Battery is new, alt is new. I am going look for an ammeter to borrow tomorrow night.
Can you give the reason for using distilled water?
For clarity
WHAT? You mean the fridge light supposedly goes off when you close the door?
That would tell you something about the battery's state of charge, but it wouldn't tell you exactly which circuit is discharging the battery.
Of course some will want to argue about leakage currents and such.
But as long as you are going to go to trouble of creating a series connection, you might as well flip your multimeter to "A" and read amps instead of volts.
Just make sure you have put the probes into the "current" connections. Also make sure you've removed all rings and watches before having anything todo with an automotive battery.
Don't need an Ampmeter.
just touch/scrape the wire on the battery terminal and see the spark....pull out one fuse at a time to locate the circuit.
If that doesn't work there is a short in the wiring somewhere..
Happened to me...eventually found a short in the wire leading to the rear upper cab light.
Ford’s usually have the starter solenoid on the firewall unlike lowly GMs which use the solenoid to make the electrical connection as well as shoot the Bendix out to the Flywheel teeth.
I don’t know how a 98 does it but usually, there’s a big cable that goes to the solenoid from the battery positive, this is for the starter. There’s another smaller cable on the positive battery terminal or on the battery side of the solenoid that powers the rest of the vehicle and also gets the charge voltage from the alternator. You could try to disconnect the positive from the alternator; maybe it has a shorted diode or something?

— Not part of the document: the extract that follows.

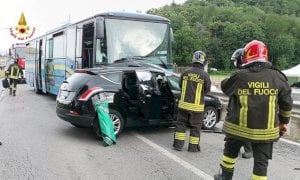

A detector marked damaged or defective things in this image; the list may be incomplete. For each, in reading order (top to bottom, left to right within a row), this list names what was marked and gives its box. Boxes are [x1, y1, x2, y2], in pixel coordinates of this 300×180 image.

crashed black car [56, 61, 223, 138]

As someone else mentioned, you can also pull fuses until the draw goes away. Before EFI, you would start the engine and then pull the negative from the battery, if it died, the alternator was toasted, nowadays, that has the possibility of taking out the EFI which is no fun.
The radio has a parasitic draw to keep all of your pre-sets. How old is the battery? You would be amazed at what a bad battery presents as.
Let us know what you find?
minerals in regular water will adhere to the plates and will weaken battery.
No pesky ionized molecules. Well, except OH- and H+.
minerals in water,city not great,worse well, will shorten the life of the bat.....crap builds up between plates quicker.
Not good
I see courtesy lights being mentioned. Any chance there’s a make-up light on a mirror, hidden by a visor? Seems a decent switch design would kill it, but....
Any kind of electrical aftermarket accessories go to the top of the suspect list.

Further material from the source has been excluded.